#### [Exercise]
Return all the data, word for word.

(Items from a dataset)
▼
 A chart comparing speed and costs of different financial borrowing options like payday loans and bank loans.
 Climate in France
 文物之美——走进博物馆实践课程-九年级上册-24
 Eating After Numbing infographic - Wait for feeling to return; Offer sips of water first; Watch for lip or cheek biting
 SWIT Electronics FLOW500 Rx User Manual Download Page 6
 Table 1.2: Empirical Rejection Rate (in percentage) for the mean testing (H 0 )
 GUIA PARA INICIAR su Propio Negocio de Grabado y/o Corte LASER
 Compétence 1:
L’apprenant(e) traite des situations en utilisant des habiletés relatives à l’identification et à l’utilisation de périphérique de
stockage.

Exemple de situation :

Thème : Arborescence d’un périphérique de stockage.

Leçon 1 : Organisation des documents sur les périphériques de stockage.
▲
#### [Solution for this exercise]
 A chart comparing speed and costs of different financial borrowing options like payday loans and bank loans.
 Climate in France
 文物之美——走进博物馆实践课程-九年级上册-24
 Eating After Numbing infographic - Wait for feeling to return; Offer sips of water first; Watch for lip or cheek biting
 SWIT Electronics FLOW500 Rx User Manual Download Page 6
 Table 1.2: Empirical Rejection Rate (in percentage) for the mean testing (H 0 )
 GUIA PARA INICIAR su Propio Negocio de Grabado y/o Corte LASER
 Compétence 1:
L’apprenant(e) traite des situations en utilisant des habiletés relatives à l’identification et à l’utilisation de périphérique de
stockage.

Exemple de situation :

Thème : Arborescence d’un périphérique de stockage.

Leçon 1 : Organisation des documents sur les périphériques de stockage.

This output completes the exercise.